By the way, I would love an Opera solution for the problem you can see on xopus.com with that browser. More specifically, ul#subnav. Thanks. Removing the width property of ul#subnav and putting it on ul#subnav li works. You can now visit the site in Opera although the product itself does not work in that browser :-). The demo issue mentioned in the comments has been resolved as well. Credits for debugging it in Opera go to Fabian Valkenburg.

Comments

  1. Sweet. Just curious, though... why are you evaluating the document.body.scrollTop value? The value is a number, and after evaluating it will still be a number. A bit over the top, it would seem!

    Posted by Mark Wubben at

  2. Mark, eval forces IE to keep evaluating the expression. Apparently IE has some heuristics to decide how often to evaluate the expression, f.e. adding 0*Math.random() works too. eval is the shortest we could find.

    Posted by Sjoerd Visscher at

  3. It doesn't scroll smooth. Is that because of my slow computer?

    Posted by Kees at

  4. Sjoerd, hehe, when I was typing the comment I wrote unless there is some strange quirk in IE (or something along those lines)... and indeed there is. Thanks for the explanation!

    Posted by Mark Wubben at

  5. This is the same solution that IE7 uses.

    If you use url(http:) then IE makes no unnecessary HTTP requests.

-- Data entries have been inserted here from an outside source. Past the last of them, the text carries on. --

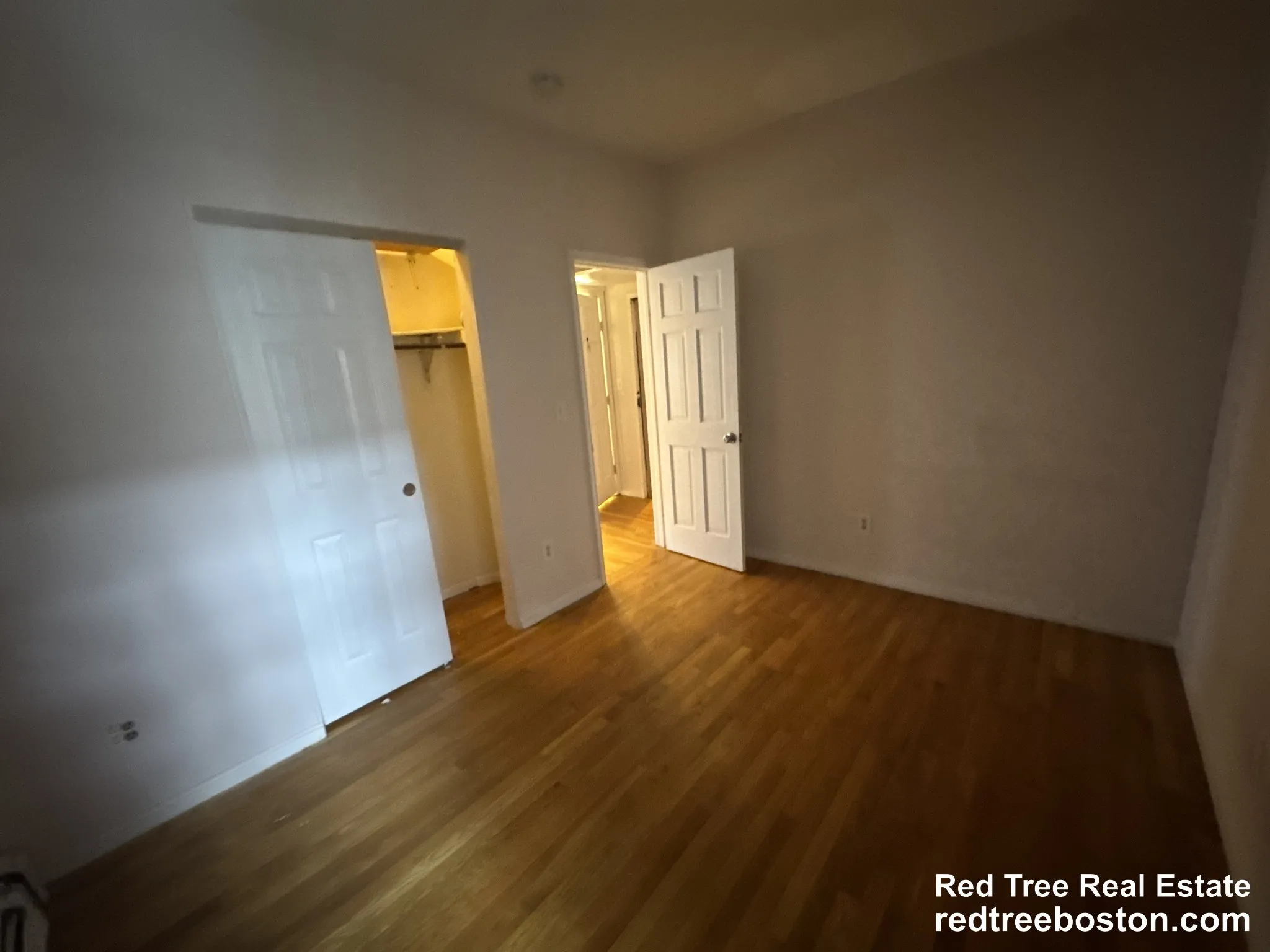 1 bed, 1 bath apartment for rent at 67 South Huntington Ave Unit 1, Jamaica Plain — photo 31 of 33
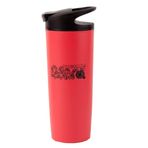 Biggdesign Enjoy istanbul Mug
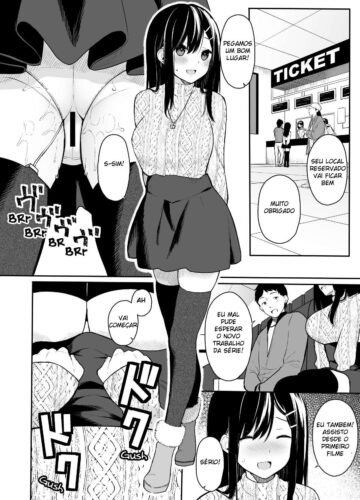 [Bekotarou] Itomusubi Vol. 2 - Foto 5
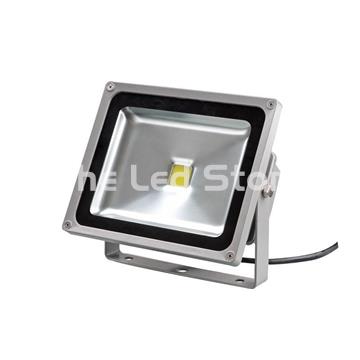 Foco de Led Exterior 50w IP 65 - Imagen 1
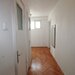 Dorobanti, Perla inchiriere apartament 2 camere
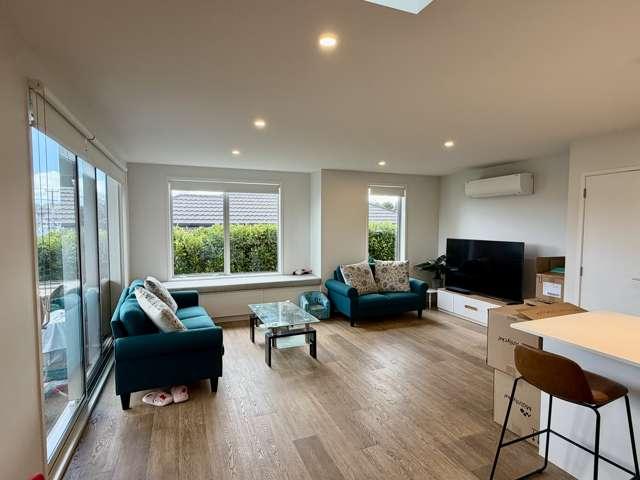 House for rent in Omokoroa, Bay Of Plenty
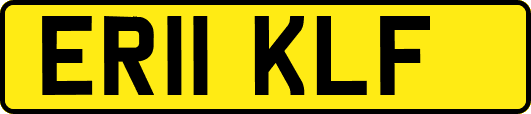 ER11KLF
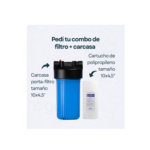 Carcasa Jumbo 10x4,5 - Imagen 4
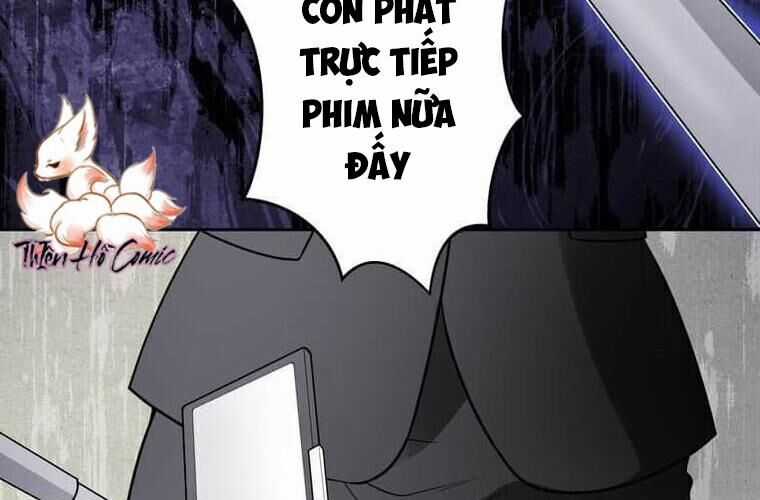 Giáo Viên Ác Quỷ Saiko Chương 123 trang 42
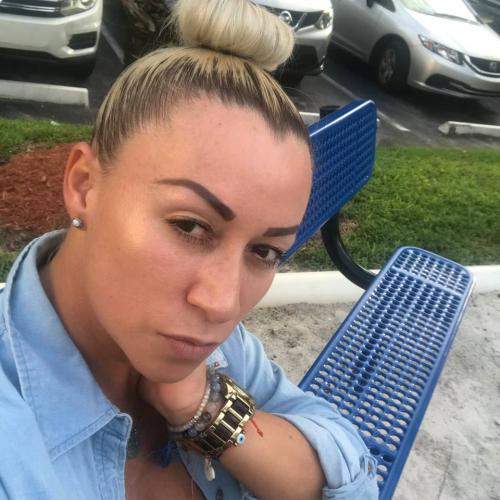 Pieceoflovve, San Juan, Texas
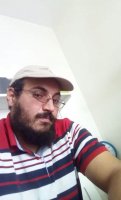 La photo du membre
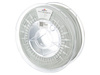 Spectrum LW-PLA UltraFoam 1.75mm LIGHT GREY 0.75kg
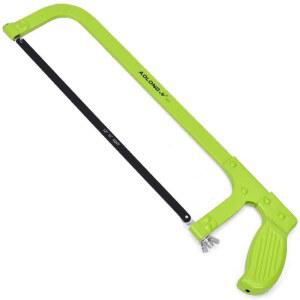 절단기 입 냉동 절단 고기 수입 기계 정육점뼈톱 골절기 사골뼈 육류 쇠톱날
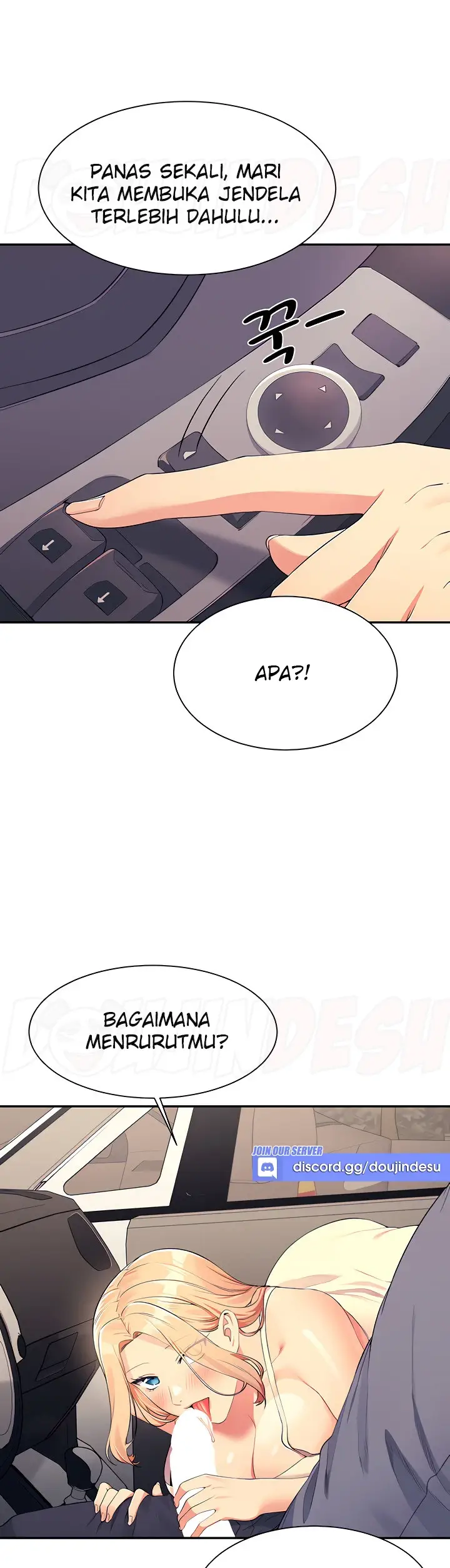 image-komik-is-there-no-goddess-in-my-college-chapter-105-1/11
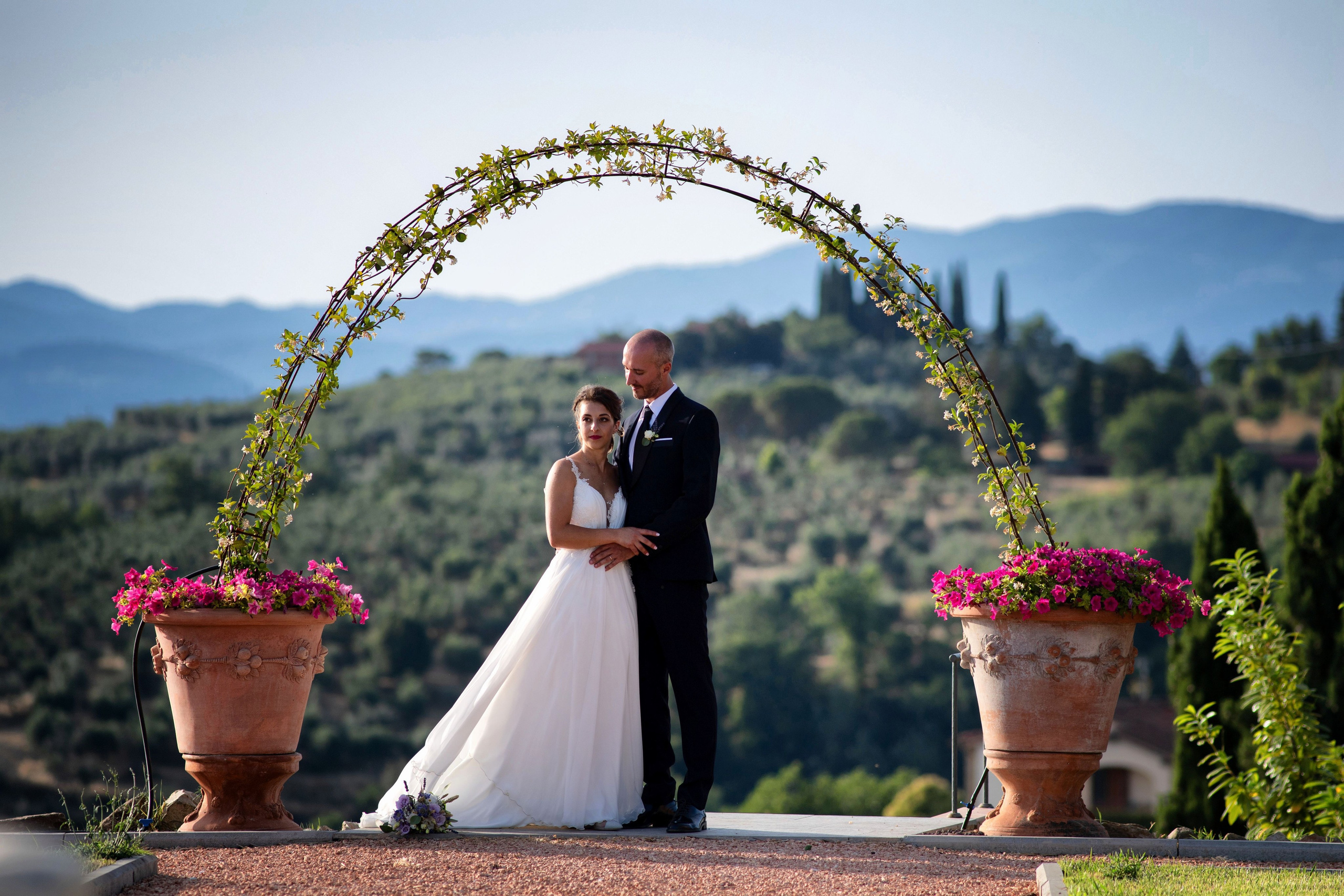 FILOSOFIA. Studio Lani Fotografo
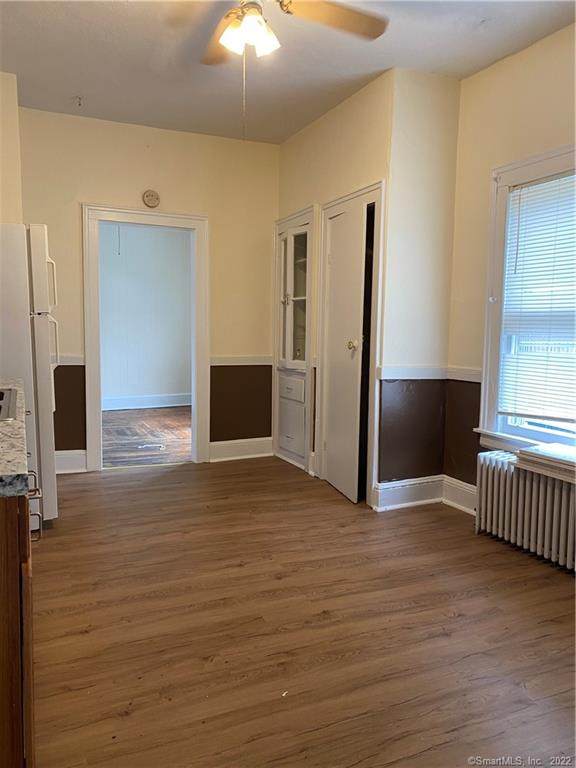 20 South Street - Photo 1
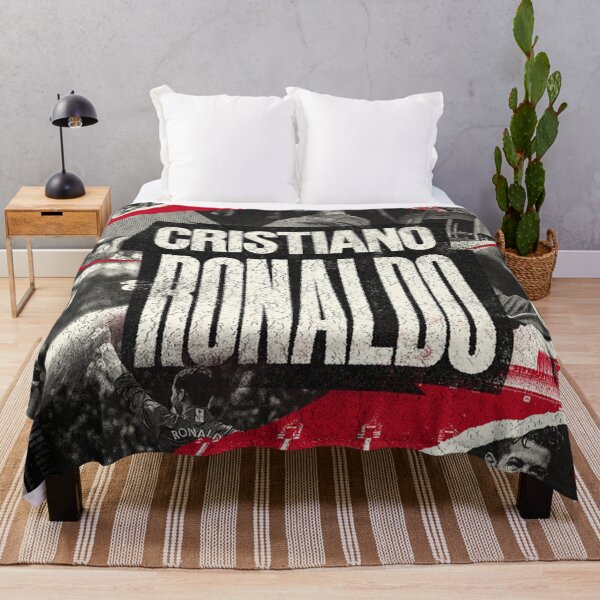 Item preview, Welcome Home CR7 designed and sold by CR7Lovers.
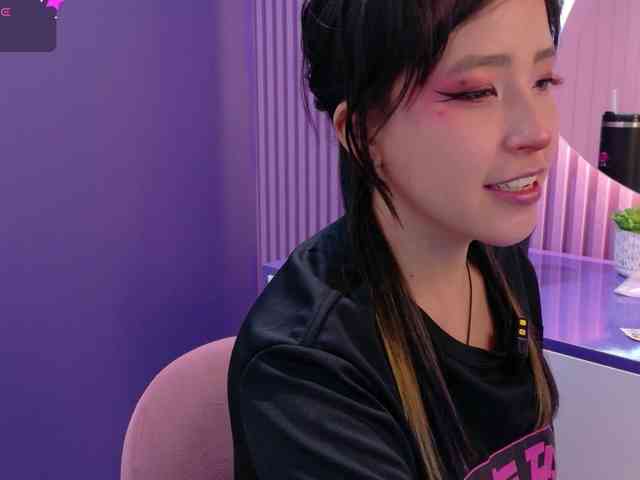 AmyJoness1 webcam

    Posted by Dean Edwards at

  6. Hmmm... Opera has a different 'auto' value for the 'top' property for this #subnav element, it gets placed right under the float. If it is positioned relatively instead of absolutely, it shows up at the expected place. Looks like an Opera bug. Specifying a 'top: 80px;' on #subnav fixes this, but might not be exactly right (in all browsers) with non-default font-sizes.

    Posted by Rijk at

  7. I'm using IE7 script to use position: fixed. But it runs into neverwnding scrolling in some situations (on M Studio's testing page: when window is too wide or wou reload page and the document is scrolled down, it doesn't shows the navbar).

    I hope that this technique removes this buggy behavior.

    Posted by Joseph Izso at

  8. try this code if you need strict mode and dont want to ruin all your other position:absolute elements.

    PS: BTW, use a form validator that lets you check in client before sending AND in server too.

    Posted by Sergi at

  9. Xopus demo takes years to load (actually, it did not load whatsoever). Some problem with the server?

    Posted by dusoft at

  10. Sergi, your version flickers in Internet Explorer where our version does not.

    Posted by Anne at

  11. i just wanted you to read my code in order to fix the "quirks" need:

    //IE6 in non-quirks doesnt get document.body.scrollTop

    This is what you'd want in your expression to get the position:

    (document.body.scrollTop)?document.body.scrollTop:document.documentElement.scrollTop;

    laters, Sergi

    PS: my example flickers cause a timeout needs to be set, and i didnt want to (just to make it simpler). So, instead of using the function called by my window.onscroll I'd have to use another way.

    Posted by Sergi at

  12. Is there a way to make the layer fixed in a specific position on the page without changing the size of the layer?

    Posted by Sam V. at

  13. Sam, I guess so. Just play a bit with the javascript for Internet Explorer. Add something like "+30" to the end.

    Posted by Anne at

  14. Thanks, Anne, that seemed to work. Thought I had tried that. Oddly enough I can't get this to work with the dtd. I have linked stylesheet which seems to be the only difference.

    Posted by Sam V. at

  15. Well, we have linked style sheets on Xopus as well. I guess your site renders in standard compliance mode, where our does not. (By the way, it only renders in quirks mode in Internet Explorer.)